Utopian attempts to minimize the meaning and importance of borders have failed miserably. Political borders exist because they serve the useful purposes of separating populations into harmonious groups and keeping governmental units small and manageable. Allowing free trade across political borders lets us have the cake of efficient political borders while eating the economic benefits of free trade. Those benefits are efficient production along lines of comparative advantage and optimal consumption resulting from voluntary exchange.

The beauty of this arrangement is that it does not require that people resolve irreconcilable differences of religion, politics or ethnic history. Bitter enemies can become staunch trading partners – thus minimizing the likelihood that their disagreements will lead to all-out war.

The Long (Capitalist) Peace

Does this sound like just another utopian dream? Don’t look now, but it has already happened. According to scholars from disciplines like political science, philosophy and psychology, we are in the midst of a Long Peace. As Harvard psychologist Steven Pinker points out in his recent book, The Better Angels of Our Nature: Why Violence Has Declined, we may be living in the most peaceful era in the history of mankind.

Wars between economically developed nations have dwindled to virtual non-existence. (Even counting the Korean War yields only one such war in the last 67 years.) Wars in general are at a historic low. Violence of all kinds has declined dramatically. Murder, rape, riots, and child abuse are down worldwide. Slavery and human sacrifice are effectively extinct. This phenomenon began to attract notice some three decades ago and is still holding good.

True, scholars have been slow to recognize the part played by free international trade.
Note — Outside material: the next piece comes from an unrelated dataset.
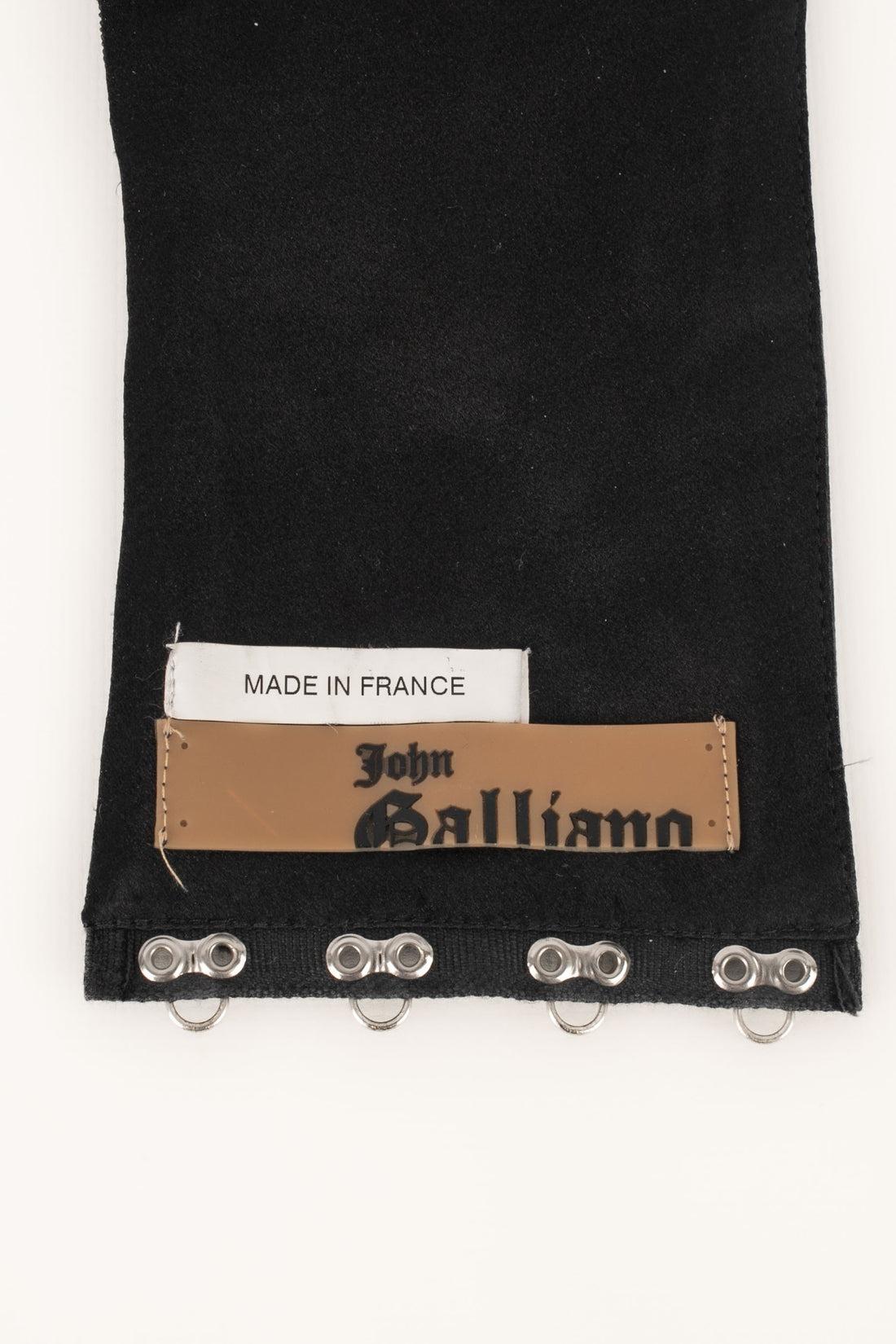 Galliano Cintura in tessuto satinato nero in vendita 4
Political scientists have found political causes; psychologists see the answer in psychology. (Pinker himself claims to find changes in brain evolution that have permitted us to access “the better angels of our nature.”) But that is changing. Scholars now speak of the “Capitalist Peace” – an idea Pinker describes as “a shock to those who remember when capitalists were considered ‘merchants of death’ and ‘masters of war.'” One such scholar ended a presidential address to his academic organization with the phrase, “Make money, not war.”
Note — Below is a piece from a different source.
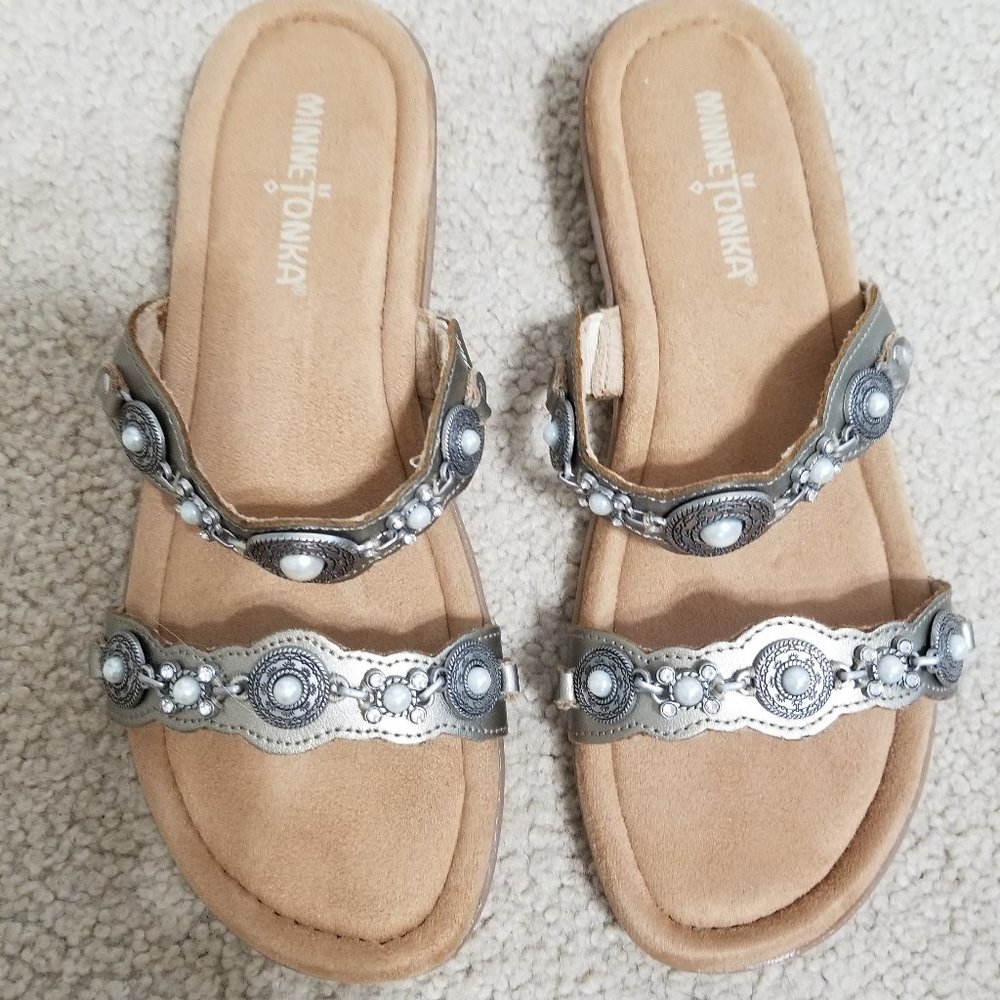 Minnetonka Women Sandals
This outcome would not have surprised the classical liberal economists of the nineteenth century (today’s libertarians). They maintained that free trade would eliminate the primary causes of war – first, by enabling nations to make the best use of the human and non-human resources possessed by all; second, by vitiating the need for warfare to gain access to trade routes or scarce raw materials or minerals; and third, by making it counterproductive to fight nations that supply consumption goods and vital production inputs.

Recently, the volume of world trade reached its all-time high. This fact was not celebrated by the press, which preferred to stress the political and military tensions involving countries like Afghanistan, Iran, Iraq, North Korea and the Sudan. The technological revolution has raised our fact-gathering capabilities to undreamt-of heights, letting us pinpoint the world’s discontents at a moment’s notice. Without the guidance of historical perspective, however, we might fail to realize that the discontents of our modern civilization are minute in number and miniscule in size and scope compared to those of the past.

And without the counsel of economic logic, we wouldn’t understand exactly what has made the Long Peace so peaceful. It wasn’t the astute foreign policy formulated by presidents and prime ministers and advisors. It certainly wasn’t the trillions of dollars of foreign aid lavished on less developed countries by the Western developed nations. It was trade – not aid – that did it.

World free trade is not a utopian concept because it is a process, not a defined state. Freedom is the absence of coercion, not the achievement of pre-set goals. The attainment of peace through trade is another case in which the best way to get what you want is not by aiming directly at it. This should not be surprising, because maximizing freedom leaves the most options open to us.